By magically ignoring its pension obligations, state legislators had no idea (or simply didn't care), how far the state's benefits package was getting out of whack. The chart below makes it clear. Employee benefits costs make up about $4.5 billion in the state's budget, including health benefits (in black on the bars), and pension costs (that small grey area on each bar). Those two areas alone (the additional white area on each bar is employer taxes) amount to about $3.2 billion in the state budget, but if Jersey were fully funding its pensions, that cost would actually be about $6 billion. Here's the state's problem. According to the National Governor's Association, pension and health benefits costs make up about 10 percent of a state's budget. But in Jersey, those benefit costs have grown to about 20 percent of the budget.To get back to fiscal health, Jersey will have to find a way as its required contributions under the new law grow to either pare back employee benefits to a more reasonable level, or watch those costs crowd out other state spending.
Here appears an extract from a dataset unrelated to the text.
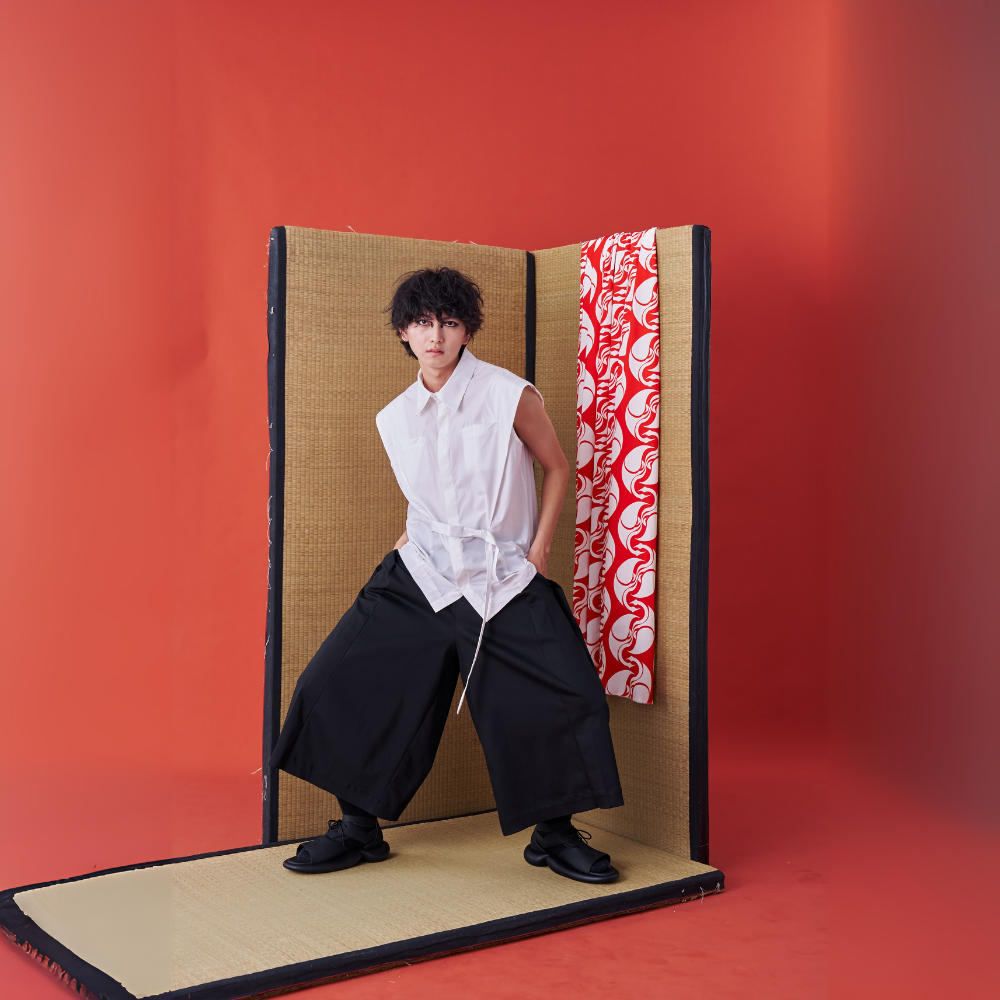 Explore INF Deconstructed Sleeveless Jinbei Shirt in clothing store for women. Shop Now!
The state has a long way to go to bring those costs in line with other state averages.

By magically ignoring its pension obligations, state legislators had no idea (or simply didn't care), how far the state's benefits package was getting out of whack. The chart below makes it clear. Employee benefits costs make up about $4.5 billion in the state's budget, including health benefits (in black on the bars), and pension costs (that small grey area on each bar). Those two areas alone (the additional white area on each bar is employer taxes) amount to about $3.2 billion in the state budget, but if Jersey were fully funding its pensions, that cost would actually be about $6 billion. Here's the state's problem. According to the National Governor's Association, pension and health benefits costs make up about 10 percent of a state's budget. But in Jersey, those benefit costs have grown to about 20 percent of the budget.To get back to fiscal health, Jersey will have to find a way as its required contributions under the new law grow to either pare back employee benefits to a more reasonable level, or watch those costs crowd out other state spending. The state has a long way to go to bring those costs in line with other state averages.



And here is the rest of the story.
In New Jersey, the public employees themselves have contributed extensively to the pension funds while the taxpayers have shirked. While the employee bear some responsibility for the disaster, due to the retroactive pension enhancements, it is taxpayers who are the most to blame in that state.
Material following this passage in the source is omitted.